Jim Krusoe is a little worried. The Cleveland native, who teaches at Santa Monica College in California, doesn’t know how Clevelanders will react to his new book, Erased. That’s because when its main character, Theodore Bellefontaine, receives a postcard from his dead mother (“I need to see you,” it reads), he heads to Cleveland to find her. Ted discovers a city very different from the “Best Location in the Nation” tagline found on his mother’s card. The radiant but warped Cleveland is full of artists, sweat-stained residents, strange women’s clubs, avid bowlers and so many rats that two crusades are organized to kill them. Krusoe, 66, who left Cleveland after high school and only recently returned on a book tour, almost expected a newspaper headline, “Former Resident Mocks City.” The book is not a vehicle for criticizing his hometown, though. “In a weird way, it is a funny, cracked love poem to the city,” he says.
How did growing up here influence the way Cleveland is depicted in the book?
It wasn’t the happiest time of my life, but I think everyone’s childhood can’t help but be a kind of paradise. And, like all paradises, it’s flawed. So no matter where you grow up, it’s sort of your version of paradise, because everything is fresh and new, and that’s the way you think the world is.
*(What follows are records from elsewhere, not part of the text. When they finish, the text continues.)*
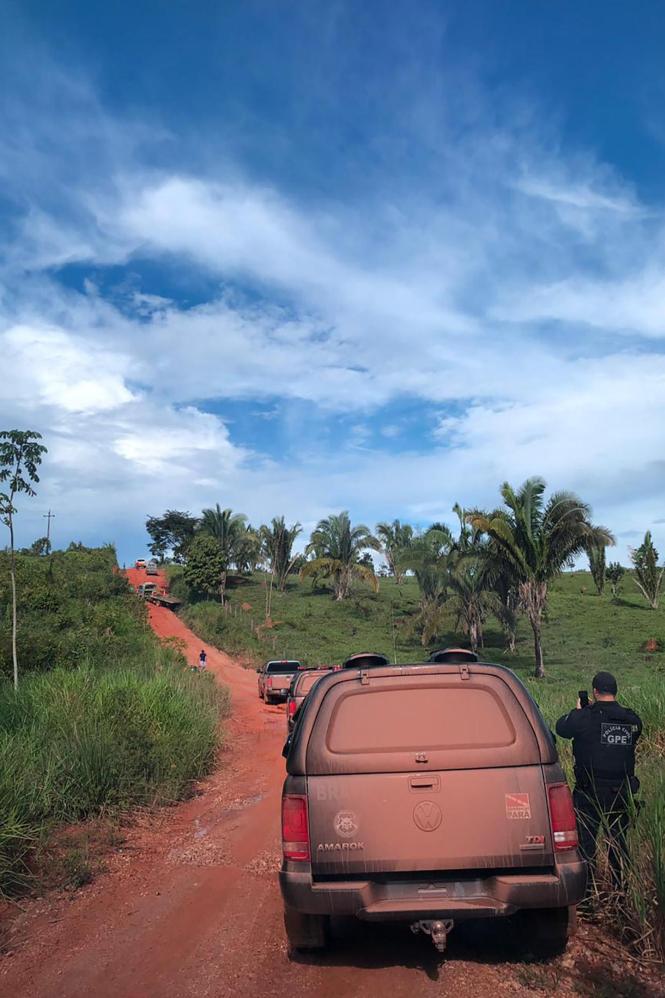 A Polícia Civil do Pará prendeu nesta terça-feira (26), em cumprimento a mandado de prisão temporária, o fazendeiro Fernando Ferreira Rosa Filho, 43 anos, identificado por uma força-tarefa policial como mandante de seis homicídios ocorridos na zona rural do município de Baião, no nordeste paraense. Fernando Filho é dono da fazenda onde três funcionários foram mortos – o casal de caseiros e um tratorista - e tiveram os corpos queimados. A fazenda fica a 14 quilômetros do assentamento Salvador Allende, onde foram mortos o maranhense Claudionor Amaro Costa da Silva, 43 anos; sua esposa, Dilma Ferreira Silva, 45 anos, e Milton Lopes, 38 anos, no início da madrugada do último dia 22.

FOTO: ASCOM / POLÍCIA CIVIL
DATA: 26.03.2019
BAIÃO - PARÁ <div class='credito_fotos'>Foto: Ascom / Polícia Civil   |   <a href='/midias/2019/originais/a4833138-1fb8-47e3-a0c3-2666a8ed91c0.jpg' download><i class='fa-solid fa-download'></i> Download</a></div>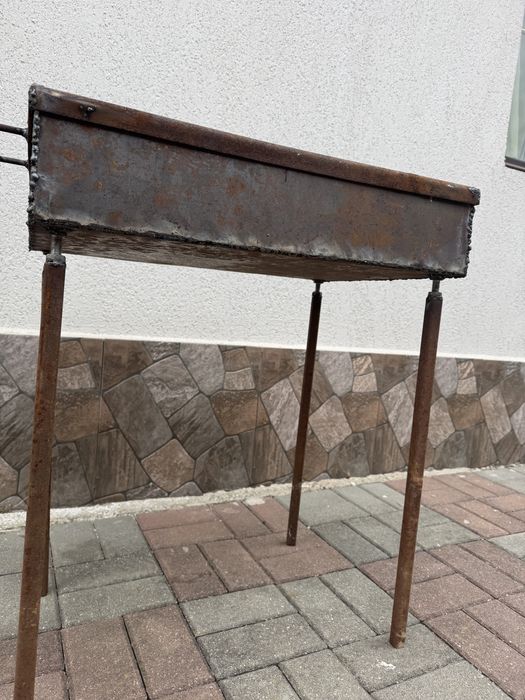 Gratar Solid cu picioare detasabile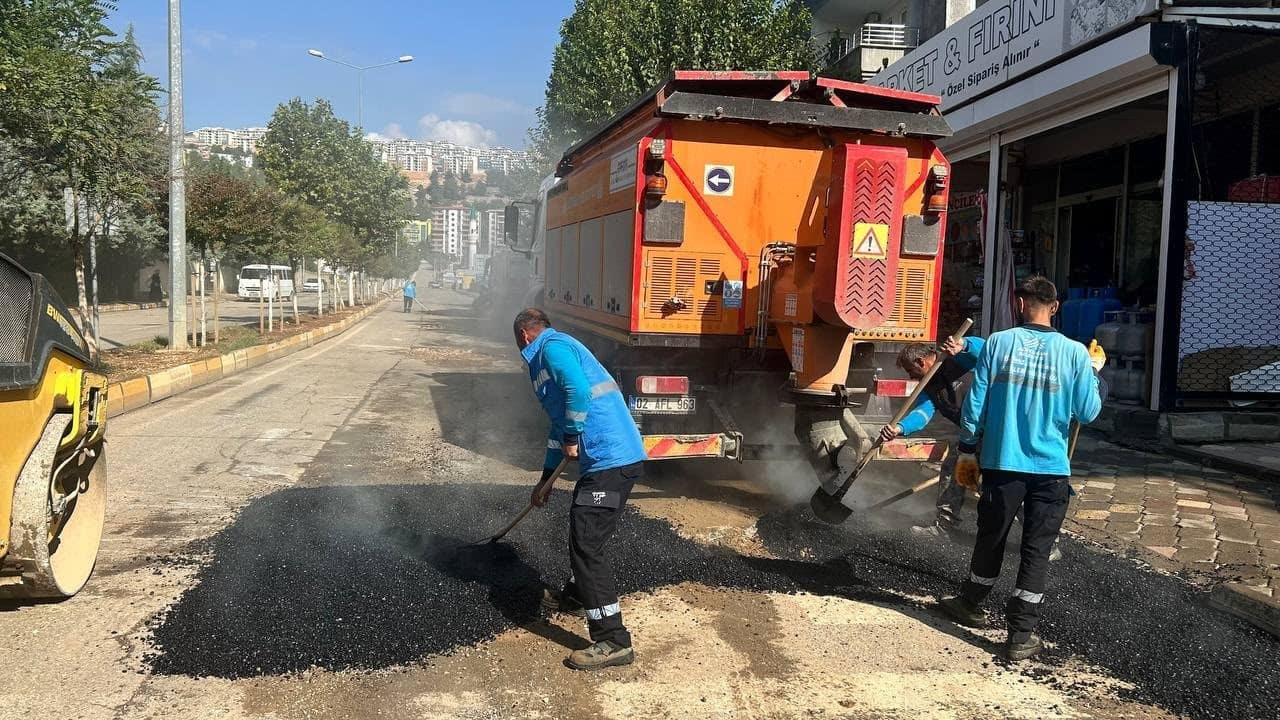 Adıyaman’da 6 mahallede yol onarımı yapılıyor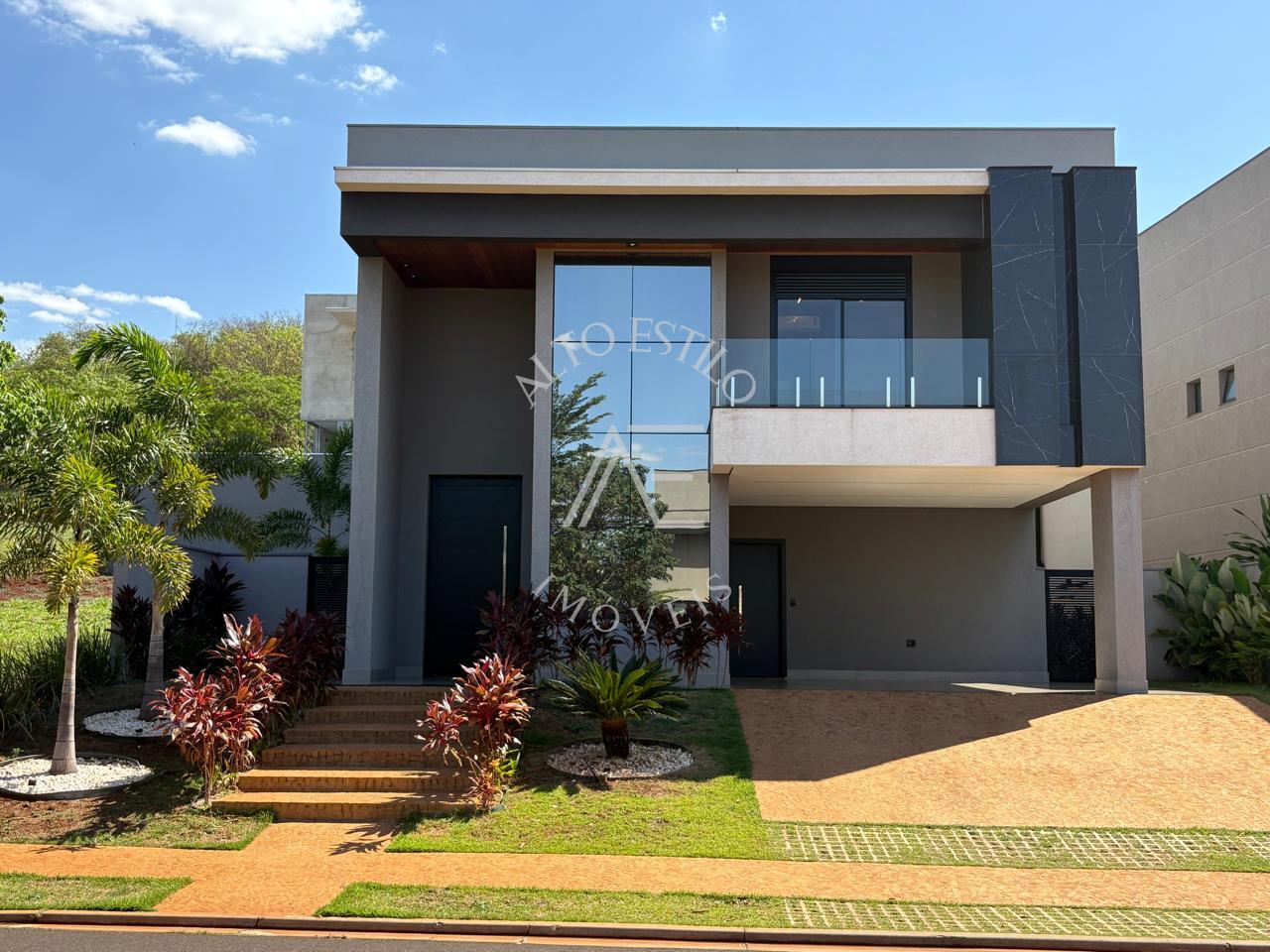 Sobrado de Alto Padrão à Venda no Condomínio Alphaville Ribeir...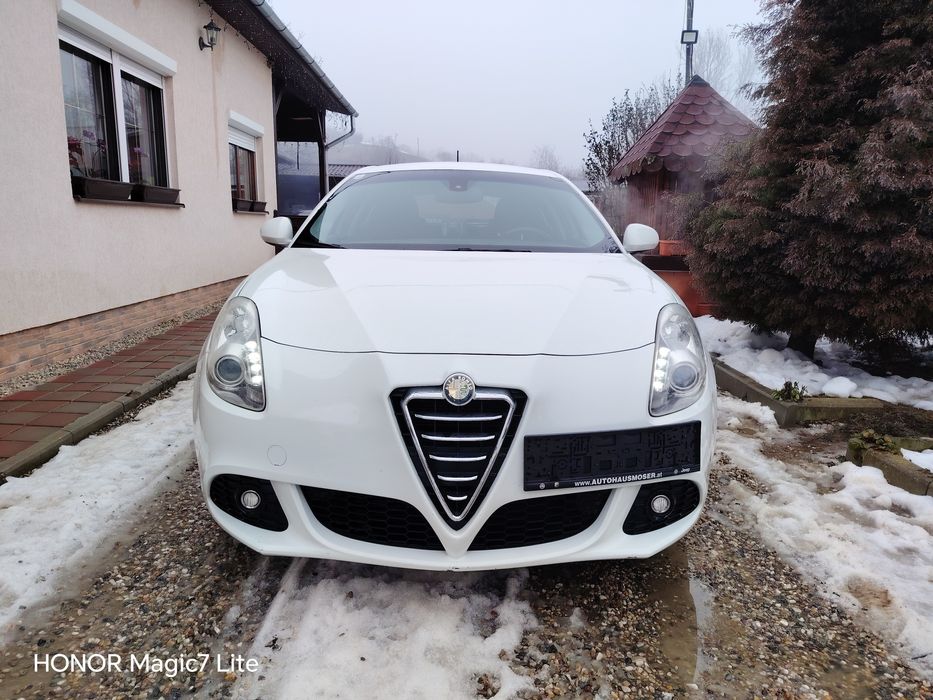 Alfa Romeo Giuletta 1.4 turbo benzina Euro5 an 2010  Climatronic Navi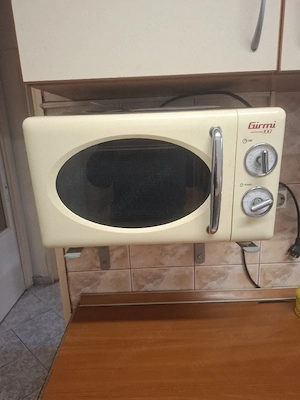 microunde cu aspect retro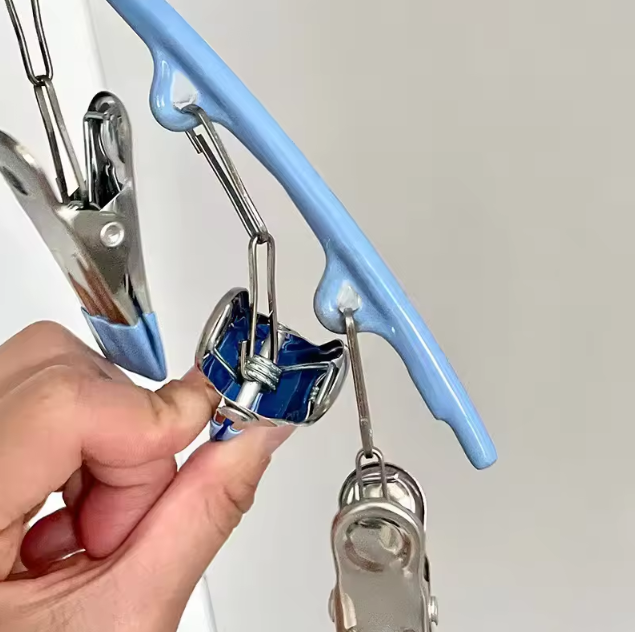 SpaceDry™ – Percha Ahorradora de Espacio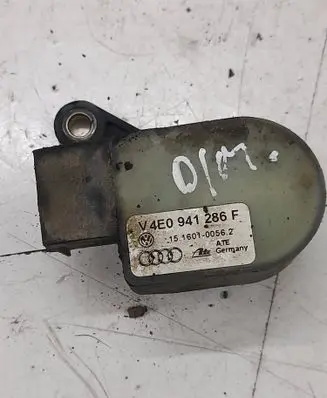 Audi A8 S8 D3 4E Headlight/headlamp level sensor 4E0941286F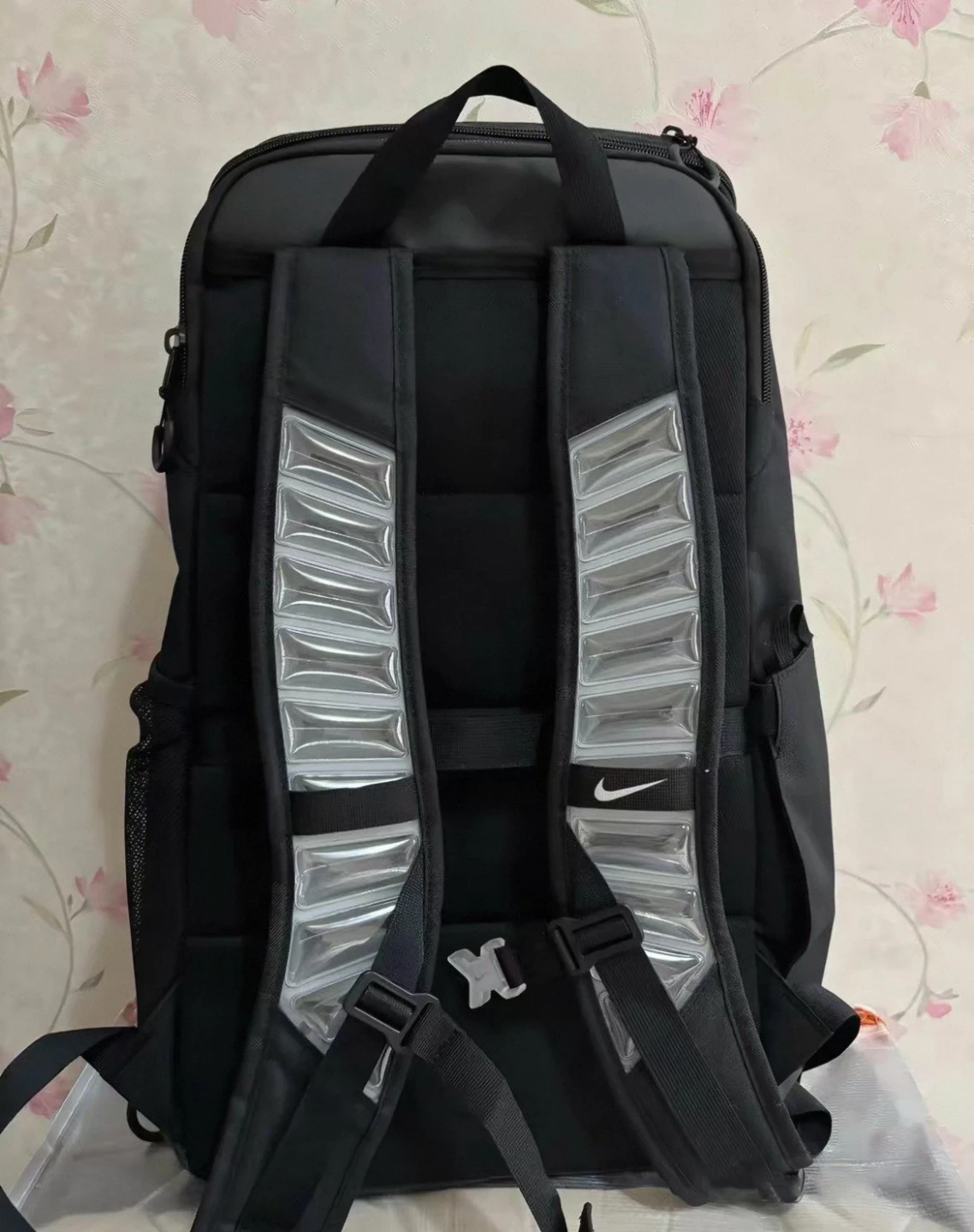 Nike elite bag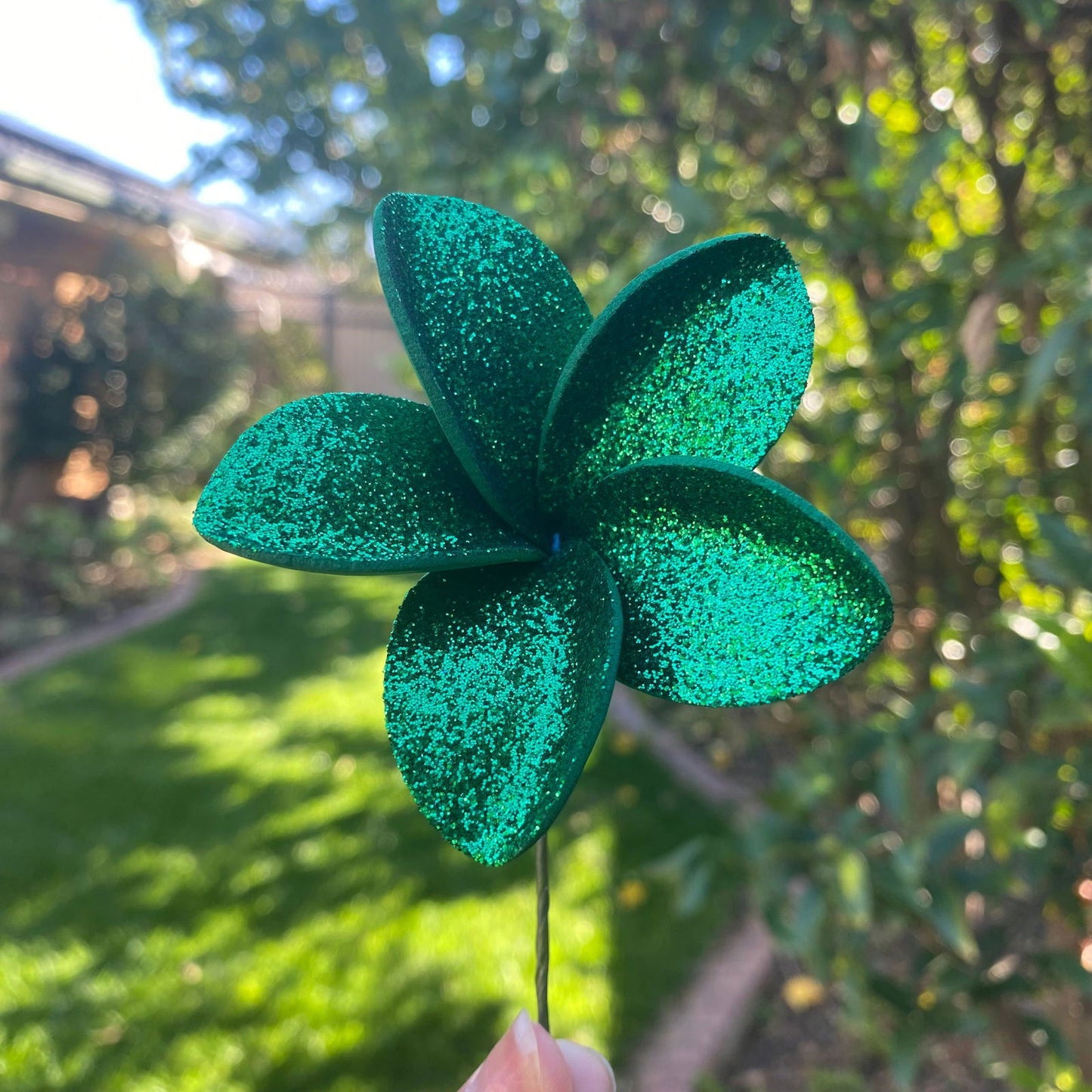 Frangipani Glitter Sei Tropical Hair Flowers 7.5cm Special Occasions Size M - Island Aesthetica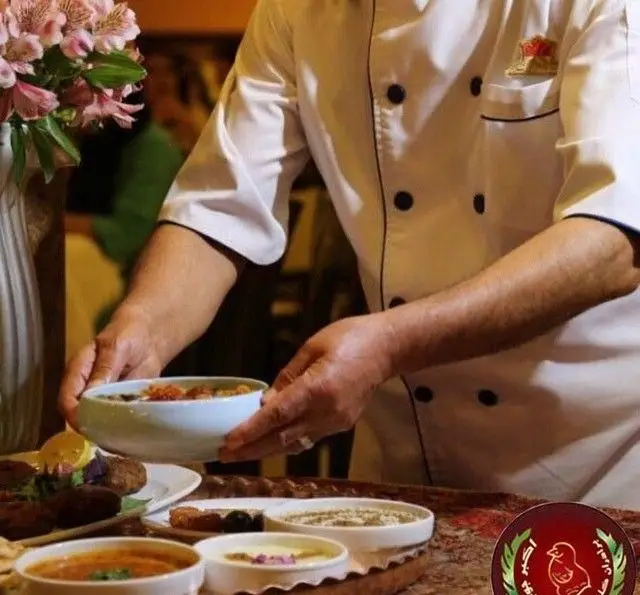 سرآشپز رستوران اکبر جوجه با دستان خود، غذاهای سنتی و لذیذ ایرانی از جمله کباب را برای مهمانان سرو می‌کند. طعم اصیل و کیفیت بی‌نظیر.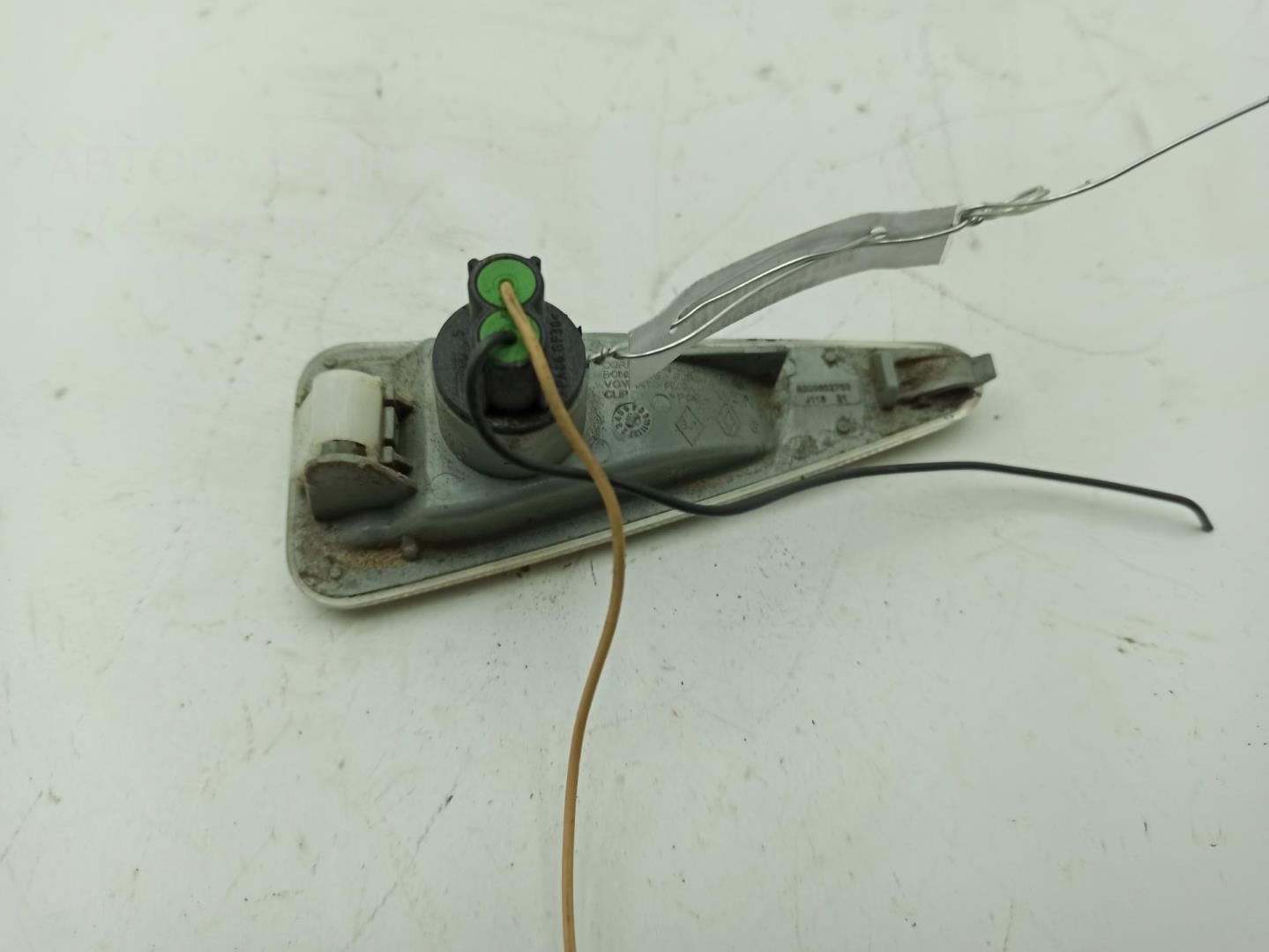 Указатель поворота левый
Had you ever been to Aurora Pond, where Ted’s mother presumably dies while fishing?
My dad was not a fisherman, but once a year, he’d drive me out to Aurora Pond and spend three hours in a boat complaining.
The “Best Location in the Nation” tagline becomes, at times, the “City of Noble Foreheads,” the “City of Rats” and the “City of Strikes.”
Yes, how do you name your home? The one thing I didn’t call it, and I suppose it’s implied, is “City of Wonders,” because that’s the way the world is to a child. One of the things I like to do is create a book that gives people gifts, that shows you wonders you didn’t know were there, because essentially, my endings tend to end with mortality.